» Source material
┄┄┄┄┄┄

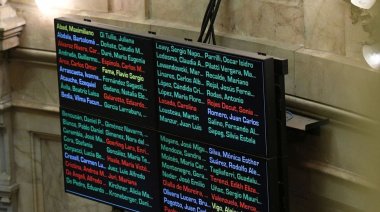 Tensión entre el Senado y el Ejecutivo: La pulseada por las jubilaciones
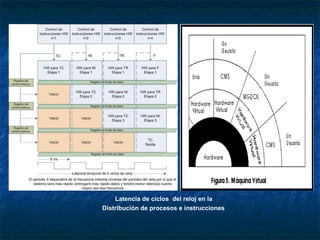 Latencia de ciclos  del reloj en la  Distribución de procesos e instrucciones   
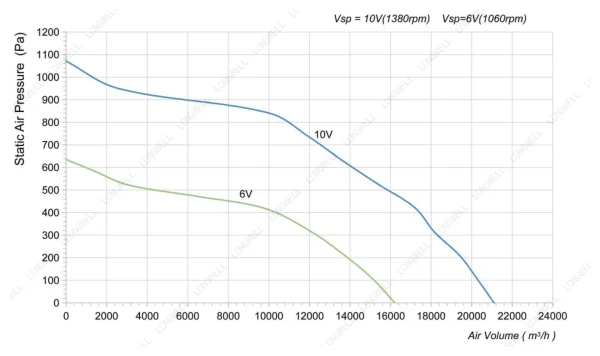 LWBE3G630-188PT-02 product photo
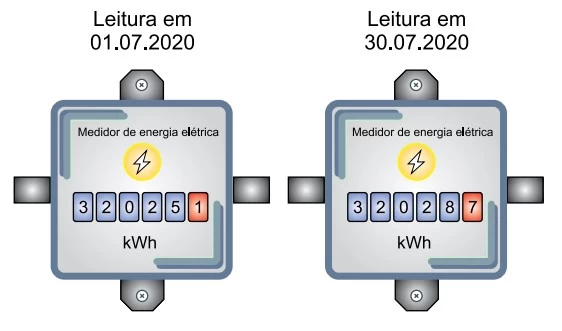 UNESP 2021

┄┄┄┄┄┄

» Task brief
Would you return the material exactly, images excluded?

» Exercise solution
 Tensión entre el Senado y el Ejecutivo: La pulseada por las jubilaciones
 Latencia de ciclos  del reloj en la  Distribución de procesos e instrucciones   
 LWBE3G630-188PT-02 product photo
 UNESP 2021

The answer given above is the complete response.